Task statement → From the records below, copy each line that has the word "CMOS" in it.

Dataset excerpts
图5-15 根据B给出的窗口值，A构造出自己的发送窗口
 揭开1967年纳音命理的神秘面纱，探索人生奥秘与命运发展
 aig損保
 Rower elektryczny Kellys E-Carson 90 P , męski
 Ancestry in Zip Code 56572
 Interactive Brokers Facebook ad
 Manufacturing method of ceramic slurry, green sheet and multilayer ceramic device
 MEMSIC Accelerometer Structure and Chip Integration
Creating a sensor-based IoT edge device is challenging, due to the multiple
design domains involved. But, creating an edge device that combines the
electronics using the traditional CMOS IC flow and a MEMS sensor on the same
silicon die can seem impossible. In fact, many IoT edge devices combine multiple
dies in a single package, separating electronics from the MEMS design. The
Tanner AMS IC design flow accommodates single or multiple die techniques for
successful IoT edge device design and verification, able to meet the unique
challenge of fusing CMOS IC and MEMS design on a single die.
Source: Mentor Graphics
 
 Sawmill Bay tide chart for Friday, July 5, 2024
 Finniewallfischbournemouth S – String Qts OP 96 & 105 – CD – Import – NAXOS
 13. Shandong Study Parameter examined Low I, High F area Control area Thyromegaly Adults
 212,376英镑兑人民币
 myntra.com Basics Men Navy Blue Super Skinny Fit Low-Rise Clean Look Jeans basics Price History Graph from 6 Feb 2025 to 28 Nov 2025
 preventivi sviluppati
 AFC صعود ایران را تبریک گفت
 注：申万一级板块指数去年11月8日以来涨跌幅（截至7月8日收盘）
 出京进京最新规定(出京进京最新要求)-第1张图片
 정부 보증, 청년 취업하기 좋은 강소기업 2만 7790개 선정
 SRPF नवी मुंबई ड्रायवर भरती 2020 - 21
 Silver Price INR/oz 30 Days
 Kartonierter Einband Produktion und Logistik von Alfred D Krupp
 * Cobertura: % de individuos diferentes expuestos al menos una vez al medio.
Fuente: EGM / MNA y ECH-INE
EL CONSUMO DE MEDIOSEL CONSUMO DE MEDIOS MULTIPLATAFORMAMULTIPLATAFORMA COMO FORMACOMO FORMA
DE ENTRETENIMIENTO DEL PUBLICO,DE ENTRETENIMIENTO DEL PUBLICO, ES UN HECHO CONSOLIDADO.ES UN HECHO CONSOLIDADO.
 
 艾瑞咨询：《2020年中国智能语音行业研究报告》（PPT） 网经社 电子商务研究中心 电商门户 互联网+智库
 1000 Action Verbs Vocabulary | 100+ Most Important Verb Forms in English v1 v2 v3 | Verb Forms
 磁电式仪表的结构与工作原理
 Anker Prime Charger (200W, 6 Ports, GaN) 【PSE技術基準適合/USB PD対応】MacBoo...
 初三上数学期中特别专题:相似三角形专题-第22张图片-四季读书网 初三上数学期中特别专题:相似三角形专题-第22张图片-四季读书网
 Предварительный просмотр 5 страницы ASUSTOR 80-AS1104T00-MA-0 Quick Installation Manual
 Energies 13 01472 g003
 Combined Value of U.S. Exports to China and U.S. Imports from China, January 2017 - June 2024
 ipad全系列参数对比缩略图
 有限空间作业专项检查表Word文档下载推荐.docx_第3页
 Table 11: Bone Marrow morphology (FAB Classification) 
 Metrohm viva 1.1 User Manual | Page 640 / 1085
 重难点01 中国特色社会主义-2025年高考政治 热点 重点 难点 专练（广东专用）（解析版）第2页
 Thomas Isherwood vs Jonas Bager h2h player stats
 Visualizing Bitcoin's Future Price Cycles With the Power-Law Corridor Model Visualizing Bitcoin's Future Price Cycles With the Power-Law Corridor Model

Exercise result →
electronics using the traditional CMOS IC flow and a MEMS sensor on the same
challenge of fusing CMOS IC and MEMS design on a single die.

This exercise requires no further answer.